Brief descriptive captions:

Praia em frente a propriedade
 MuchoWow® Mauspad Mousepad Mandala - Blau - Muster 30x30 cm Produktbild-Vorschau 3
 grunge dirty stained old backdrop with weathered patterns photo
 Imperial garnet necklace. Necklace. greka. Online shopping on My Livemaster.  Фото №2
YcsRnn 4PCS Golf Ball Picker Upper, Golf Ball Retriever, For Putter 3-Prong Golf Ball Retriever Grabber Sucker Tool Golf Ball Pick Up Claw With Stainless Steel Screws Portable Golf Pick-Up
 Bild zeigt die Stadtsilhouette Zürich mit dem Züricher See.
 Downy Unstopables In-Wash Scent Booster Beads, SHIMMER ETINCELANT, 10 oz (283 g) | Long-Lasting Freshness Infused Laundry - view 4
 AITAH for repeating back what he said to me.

TRY IT. Among the records above, extract exactly the lines from the line with "MuchoWow® Mauspad Mousepad" to the line with "YcsRnn 4PCS Golf", both lines included, and leave out the rest.

RESPONSE.
 MuchoWow® Mauspad Mousepad Mandala - Blau - Muster 30x30 cm Produktbild-Vorschau 3
 grunge dirty stained old backdrop with weathered patterns photo
 Imperial garnet necklace. Necklace. greka. Online shopping on My Livemaster.  Фото №2
YcsRnn 4PCS Golf Ball Picker Upper, Golf Ball Retriever, For Putter 3-Prong Golf Ball Retriever Grabber Sucker Tool Golf Ball Pick Up Claw With Stainless Steel Screws Portable Golf Pick-Up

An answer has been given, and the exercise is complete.